I've been able to find the heading, but don't know how to access the text after is, since I have not tag to jump to...

my $dom = Mojo::DOM->new( $htmlfile );
my $desc = $dom
    ->find('h2')
    ->grep(sub { $_->all_text =~ /Description/ })
    ->first;

Can anyone recommend to me a way how to grab the "This text is the description" string?


Solution

  • One can go through all nodes, what also catches those which aren't inside an HTML element (tag). Then use the fact that you need the node that follows the h2 tag.

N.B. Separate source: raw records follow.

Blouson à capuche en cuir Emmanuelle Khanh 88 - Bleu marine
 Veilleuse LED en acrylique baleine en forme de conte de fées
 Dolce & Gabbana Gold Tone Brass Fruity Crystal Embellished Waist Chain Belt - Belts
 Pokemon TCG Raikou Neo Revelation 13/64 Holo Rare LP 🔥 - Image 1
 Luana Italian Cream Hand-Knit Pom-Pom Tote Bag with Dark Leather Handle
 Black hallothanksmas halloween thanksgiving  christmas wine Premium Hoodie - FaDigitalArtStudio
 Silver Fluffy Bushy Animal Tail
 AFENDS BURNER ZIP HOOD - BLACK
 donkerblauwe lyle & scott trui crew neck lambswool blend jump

    More precisely, it follows the text-node which is the child of the (identifiable) h2 tag-node.

    use warnings;
    use strict;
    use feature 'say';
    
    use Mojo::DOM;
    
    my $html = q(<h2>Description</h2> This text is the description <p>More...</p>);
    
    my $dom = Mojo::DOM->new($html);
    
    my $is_next = 0;
    
    foreach my $node ($dom->descendant_nodes->each) { 
        my $par = $node->parent;
        if ($node->type eq 'text' and $par->type eq 'tag' and $par->tag eq 'h2') { 
            $is_next = 1;
        }   
        elsif ($is_next) {
            say $node;       #-->   This text is the description
            $is_next = 0;
        }   
    }
    

    More criteria for exactly which h2 nodes are of interest can be added (unless it's really all such nodes), by interrogating either the previous text-node (text of the h2 tag) or its parent (the tag).

    The node itself should likely be checked as well, for example to see whether it's indeed just loose text and not actually a next tag.

    I've tested with far more complex HTML; the above is a near-minimal testable markup.


    In this simple example just $dom->text catches the needed text. However, that won't be the case in more complex fragments where the sought text doesn't come after the very first element.